Task:
Look below for the line containing "Modern kitchen featuring" and the line containing "A living room", then set down both and every line between them exactly, without pictures.

Data extracts:
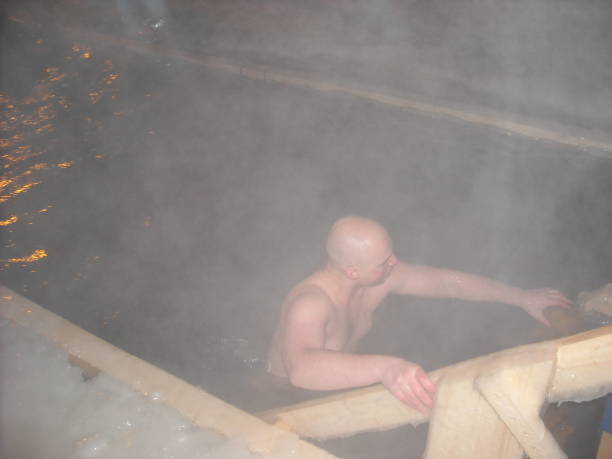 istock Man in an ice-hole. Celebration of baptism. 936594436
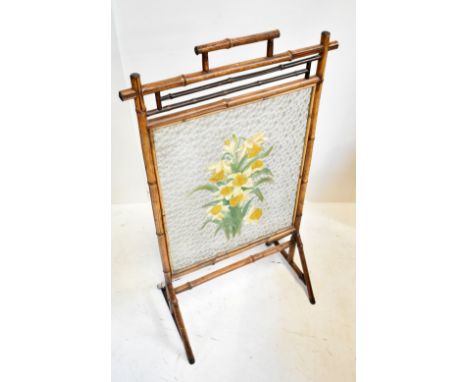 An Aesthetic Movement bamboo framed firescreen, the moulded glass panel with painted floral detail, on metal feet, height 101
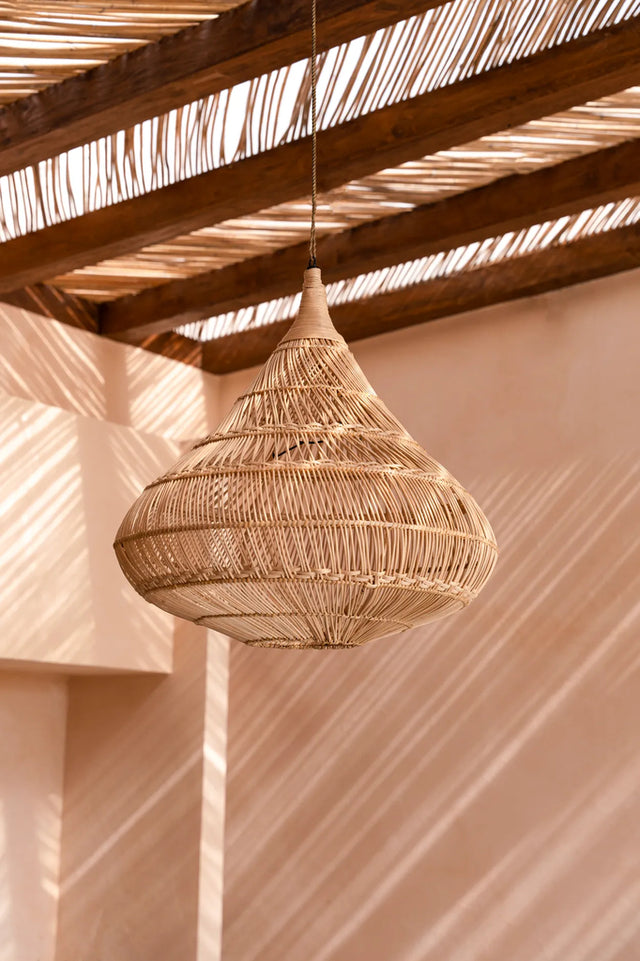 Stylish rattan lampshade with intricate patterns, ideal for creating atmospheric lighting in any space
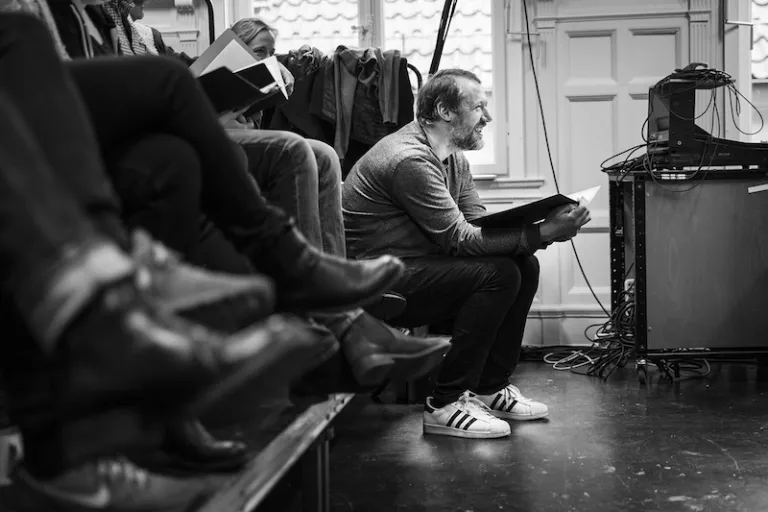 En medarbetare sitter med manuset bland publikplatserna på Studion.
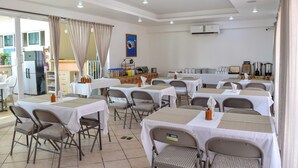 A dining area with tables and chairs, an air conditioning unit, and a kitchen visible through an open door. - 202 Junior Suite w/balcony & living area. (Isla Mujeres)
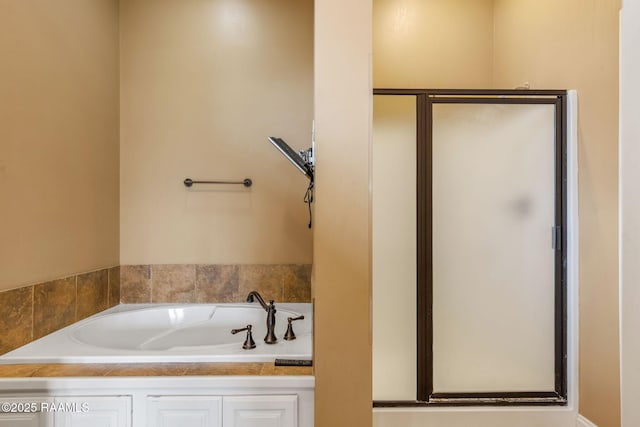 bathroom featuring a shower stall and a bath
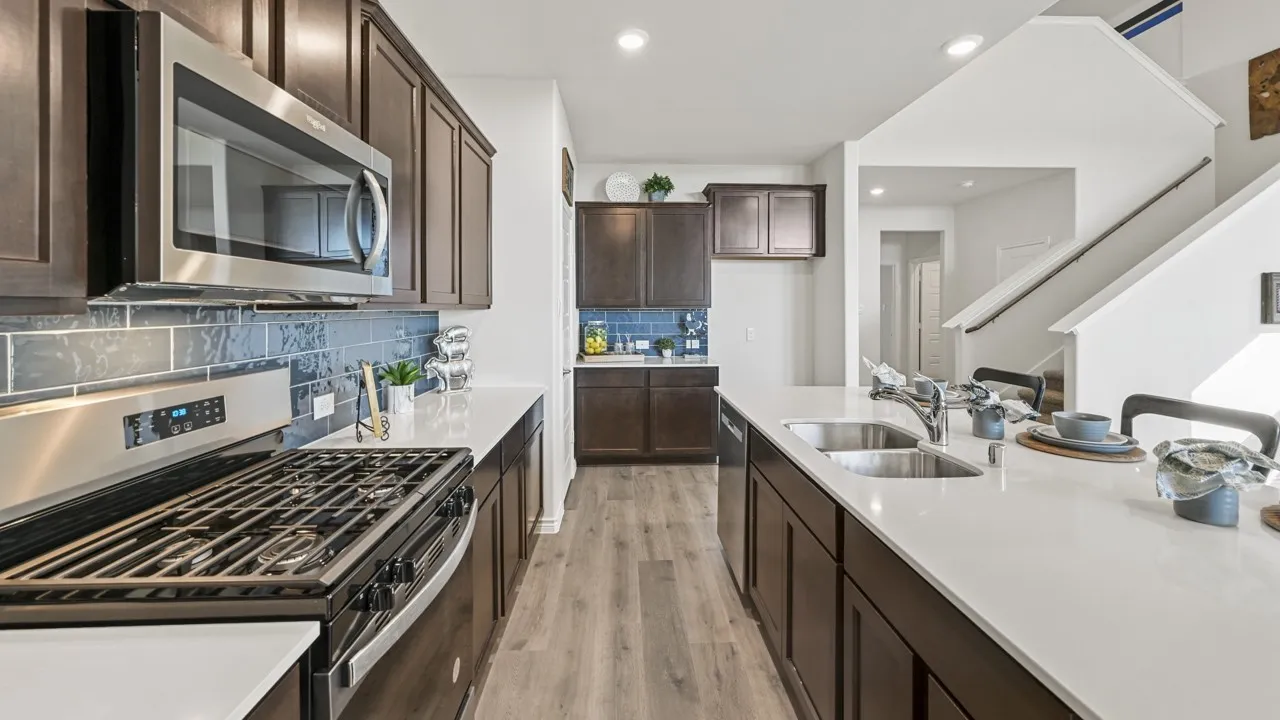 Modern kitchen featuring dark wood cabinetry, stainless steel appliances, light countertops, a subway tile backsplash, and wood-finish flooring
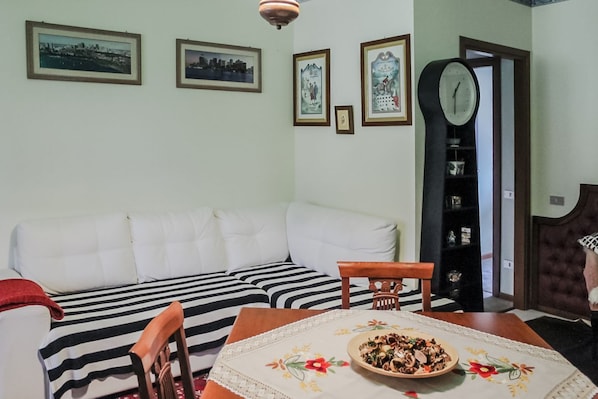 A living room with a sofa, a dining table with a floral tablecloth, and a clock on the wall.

...

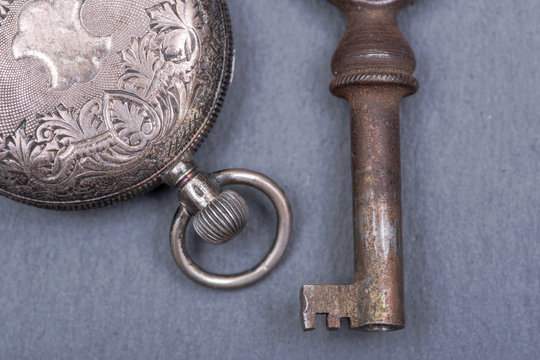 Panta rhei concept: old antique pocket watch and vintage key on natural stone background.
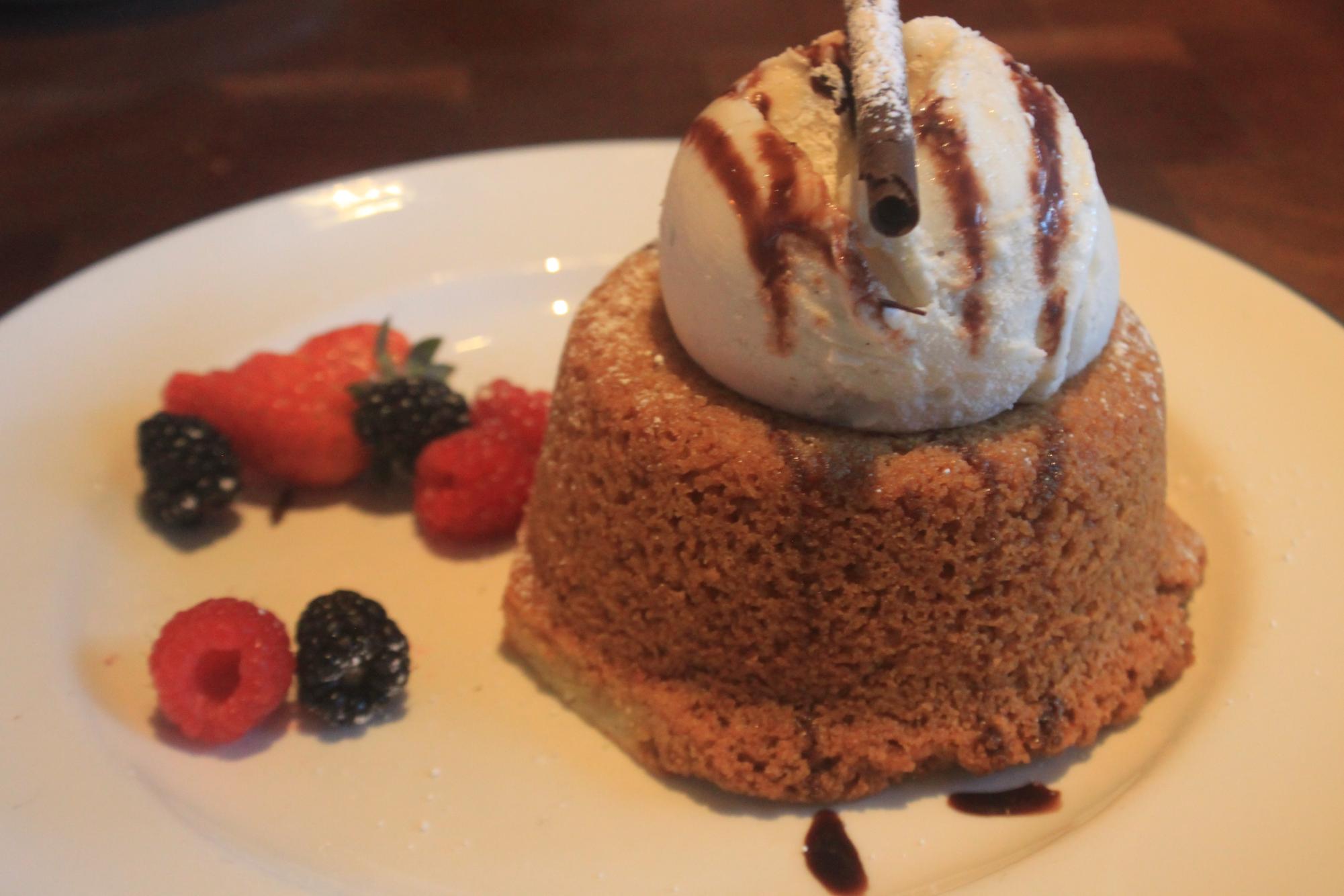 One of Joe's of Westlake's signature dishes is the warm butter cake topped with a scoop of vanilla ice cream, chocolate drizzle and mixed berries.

---

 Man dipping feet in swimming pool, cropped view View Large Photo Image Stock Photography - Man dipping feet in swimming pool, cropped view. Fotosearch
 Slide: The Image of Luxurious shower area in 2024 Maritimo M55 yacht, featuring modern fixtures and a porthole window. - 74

Your response:
 Modern kitchen featuring dark wood cabinetry, stainless steel appliances, light countertops, a subway tile backsplash, and wood-finish flooring
 A living room with a sofa, a dining table with a floral tablecloth, and a clock on the wall.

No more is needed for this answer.